Ventitrè anni dopo il primo Wall Street, Oliver Stone torna a puntare la sua macchina da presa nel cuore pulsante del moderno capitalismo. E lo fa alla sua maniera: indaga a fondo, denuncia, informa, seduce. Lo fa raccontando la trasformazione avvenuta in un paese dove una volta i singoli potevano arricchirsi a dismisura, violando qualche regola e disobbendo a qualche legge, compresa qualche legge morale. Ora a quei singoli si sono sostituite istituzioni, banche, associazioni, fondazioni: per meglio confondere le acque, per meglio sguazzare nel fango di regole diventate nel tempo sempre più vaghe e permissive; lo fa evidenziando come la mano invisibile del libero mercato sia in grado di mantenerlo in vita, ma solo fino a quando quel mercato stesso non ha spremuto a dovere anche tutto quello che viene venduto o comprato spacciandolo per ricchezza ma che ricchezza non è (i titoli subprime o tossici).

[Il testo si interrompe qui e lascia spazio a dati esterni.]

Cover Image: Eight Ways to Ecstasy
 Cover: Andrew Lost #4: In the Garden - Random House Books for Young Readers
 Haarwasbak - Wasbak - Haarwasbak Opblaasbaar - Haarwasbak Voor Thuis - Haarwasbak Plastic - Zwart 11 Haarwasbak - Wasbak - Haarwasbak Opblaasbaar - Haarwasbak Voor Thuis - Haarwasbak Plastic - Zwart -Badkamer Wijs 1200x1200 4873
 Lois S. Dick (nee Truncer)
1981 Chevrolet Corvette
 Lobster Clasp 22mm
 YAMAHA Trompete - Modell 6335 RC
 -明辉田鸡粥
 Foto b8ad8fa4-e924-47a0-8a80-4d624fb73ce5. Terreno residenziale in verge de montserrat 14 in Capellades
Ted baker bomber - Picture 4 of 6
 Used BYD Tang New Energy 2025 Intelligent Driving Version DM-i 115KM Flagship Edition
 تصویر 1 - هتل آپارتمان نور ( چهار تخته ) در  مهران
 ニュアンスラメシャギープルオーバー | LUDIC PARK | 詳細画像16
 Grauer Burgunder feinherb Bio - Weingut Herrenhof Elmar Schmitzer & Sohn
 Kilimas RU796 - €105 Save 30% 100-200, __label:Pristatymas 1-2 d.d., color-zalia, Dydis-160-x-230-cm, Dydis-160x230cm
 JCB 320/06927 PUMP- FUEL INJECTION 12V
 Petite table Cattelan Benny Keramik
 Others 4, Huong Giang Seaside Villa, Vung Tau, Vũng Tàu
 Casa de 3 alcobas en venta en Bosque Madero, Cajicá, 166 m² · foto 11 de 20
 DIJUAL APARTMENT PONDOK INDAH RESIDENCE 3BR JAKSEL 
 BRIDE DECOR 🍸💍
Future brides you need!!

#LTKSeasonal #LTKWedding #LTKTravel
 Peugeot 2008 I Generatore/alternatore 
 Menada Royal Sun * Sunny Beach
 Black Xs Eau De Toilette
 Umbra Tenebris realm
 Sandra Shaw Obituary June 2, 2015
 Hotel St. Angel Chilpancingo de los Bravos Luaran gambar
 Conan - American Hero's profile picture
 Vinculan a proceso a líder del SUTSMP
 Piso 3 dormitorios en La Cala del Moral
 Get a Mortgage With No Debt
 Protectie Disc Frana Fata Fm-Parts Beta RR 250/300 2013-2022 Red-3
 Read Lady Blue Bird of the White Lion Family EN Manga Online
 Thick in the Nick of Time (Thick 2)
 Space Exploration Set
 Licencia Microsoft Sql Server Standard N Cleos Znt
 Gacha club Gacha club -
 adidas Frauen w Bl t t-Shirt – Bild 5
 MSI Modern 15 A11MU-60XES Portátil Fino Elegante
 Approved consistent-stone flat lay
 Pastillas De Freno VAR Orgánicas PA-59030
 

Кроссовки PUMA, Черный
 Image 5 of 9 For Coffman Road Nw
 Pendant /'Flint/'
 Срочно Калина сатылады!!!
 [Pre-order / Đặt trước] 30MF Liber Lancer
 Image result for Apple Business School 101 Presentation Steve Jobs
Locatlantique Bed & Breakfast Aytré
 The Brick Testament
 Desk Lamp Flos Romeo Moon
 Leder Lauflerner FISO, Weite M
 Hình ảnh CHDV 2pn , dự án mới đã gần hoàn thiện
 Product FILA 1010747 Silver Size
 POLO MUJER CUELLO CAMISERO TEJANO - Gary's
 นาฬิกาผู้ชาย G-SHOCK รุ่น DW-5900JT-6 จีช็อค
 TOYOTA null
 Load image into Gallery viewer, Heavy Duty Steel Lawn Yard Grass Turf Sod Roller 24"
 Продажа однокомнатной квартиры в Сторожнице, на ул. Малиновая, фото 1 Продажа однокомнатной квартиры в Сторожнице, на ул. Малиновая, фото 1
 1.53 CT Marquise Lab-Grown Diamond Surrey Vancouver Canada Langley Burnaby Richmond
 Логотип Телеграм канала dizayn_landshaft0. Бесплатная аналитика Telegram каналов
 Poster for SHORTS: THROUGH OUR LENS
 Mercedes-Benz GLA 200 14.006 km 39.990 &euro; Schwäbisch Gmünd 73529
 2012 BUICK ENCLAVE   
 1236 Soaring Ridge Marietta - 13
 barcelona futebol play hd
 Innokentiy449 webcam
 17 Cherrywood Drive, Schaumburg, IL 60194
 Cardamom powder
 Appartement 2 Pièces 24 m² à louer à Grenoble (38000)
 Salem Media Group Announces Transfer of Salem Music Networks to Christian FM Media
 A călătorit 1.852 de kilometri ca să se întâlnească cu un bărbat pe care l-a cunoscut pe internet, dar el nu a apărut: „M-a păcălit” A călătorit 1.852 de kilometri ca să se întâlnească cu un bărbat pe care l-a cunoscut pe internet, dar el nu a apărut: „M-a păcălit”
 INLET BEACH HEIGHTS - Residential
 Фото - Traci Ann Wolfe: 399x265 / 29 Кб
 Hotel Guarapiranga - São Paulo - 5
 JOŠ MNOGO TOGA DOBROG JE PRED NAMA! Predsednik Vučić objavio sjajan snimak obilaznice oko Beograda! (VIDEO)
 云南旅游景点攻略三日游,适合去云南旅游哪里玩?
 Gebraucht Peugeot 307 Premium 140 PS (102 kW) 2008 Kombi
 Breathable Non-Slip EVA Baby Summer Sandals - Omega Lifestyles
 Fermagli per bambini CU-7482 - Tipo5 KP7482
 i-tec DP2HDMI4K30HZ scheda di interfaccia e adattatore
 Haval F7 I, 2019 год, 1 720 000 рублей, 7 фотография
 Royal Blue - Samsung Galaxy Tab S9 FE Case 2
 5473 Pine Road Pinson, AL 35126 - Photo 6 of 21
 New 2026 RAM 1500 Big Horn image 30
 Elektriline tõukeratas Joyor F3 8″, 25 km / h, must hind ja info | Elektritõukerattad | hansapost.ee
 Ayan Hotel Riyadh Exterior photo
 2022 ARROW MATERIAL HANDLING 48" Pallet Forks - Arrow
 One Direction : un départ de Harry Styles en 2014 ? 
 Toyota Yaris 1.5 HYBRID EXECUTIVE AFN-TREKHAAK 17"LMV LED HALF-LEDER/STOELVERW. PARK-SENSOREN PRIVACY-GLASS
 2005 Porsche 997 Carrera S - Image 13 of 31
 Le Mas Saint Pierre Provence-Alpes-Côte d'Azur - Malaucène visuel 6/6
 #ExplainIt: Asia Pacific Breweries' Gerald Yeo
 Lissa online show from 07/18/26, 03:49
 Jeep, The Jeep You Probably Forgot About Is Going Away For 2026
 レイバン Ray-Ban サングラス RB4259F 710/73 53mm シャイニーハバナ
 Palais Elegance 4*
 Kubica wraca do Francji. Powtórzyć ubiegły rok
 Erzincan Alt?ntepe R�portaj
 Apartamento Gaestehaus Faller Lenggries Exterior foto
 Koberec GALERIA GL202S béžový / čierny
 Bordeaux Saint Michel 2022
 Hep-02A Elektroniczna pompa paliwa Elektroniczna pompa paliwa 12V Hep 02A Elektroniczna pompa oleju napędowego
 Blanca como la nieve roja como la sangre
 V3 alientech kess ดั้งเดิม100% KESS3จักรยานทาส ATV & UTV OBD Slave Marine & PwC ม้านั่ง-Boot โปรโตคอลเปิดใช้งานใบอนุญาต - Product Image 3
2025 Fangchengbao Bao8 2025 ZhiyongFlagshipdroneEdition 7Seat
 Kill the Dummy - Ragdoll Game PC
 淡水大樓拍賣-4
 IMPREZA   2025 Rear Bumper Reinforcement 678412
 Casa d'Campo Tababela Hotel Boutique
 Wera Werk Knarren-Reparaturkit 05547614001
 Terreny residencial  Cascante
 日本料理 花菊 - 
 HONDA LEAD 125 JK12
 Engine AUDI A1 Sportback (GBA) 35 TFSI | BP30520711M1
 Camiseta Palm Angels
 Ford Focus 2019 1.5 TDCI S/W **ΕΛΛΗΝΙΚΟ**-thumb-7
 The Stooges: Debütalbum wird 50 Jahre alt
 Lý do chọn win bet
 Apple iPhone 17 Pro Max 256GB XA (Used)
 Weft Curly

E’ allora che quel mercato siede umilmente al tavolo della Federal Reserve in cerca di un aiuto costituito dal denaro pubblico. Lo fa raccontando di come nel capitalismo il domani non può essere un orizzonte temporale a lunga scadenza: i profitti vanno realizzati subito, altrimenti gli azionisti non investono ed il management non prenderà il succoso bonus di fine anno. Lo fa con l’occhio attento del grande regista, che si è avvalso di un lungo lavoro di indagine nei centri del potere finanziario americano supportato dalla collaborazione di veri operatori di borsa; e lo fa con il realismo di chi va a mettere la macchina da presa negli open space di quelle società dove si fa realmente compravendita di titoli azionari. Lo fa avendo la fortuna di non essere un uomo accecato “dall’avidità”, tema portante del film sul quale Gordon Gekko ha scritto un saggio durante la sua permanenza in carcere, e dunque riesce ad evidenziare le vene aperte di un capitalismo sempre più spietato e sempre meno efficiente, che non produce più ricchezza come beni prodotti ma rendite finanziarie costituite da soli movimenti di denaro.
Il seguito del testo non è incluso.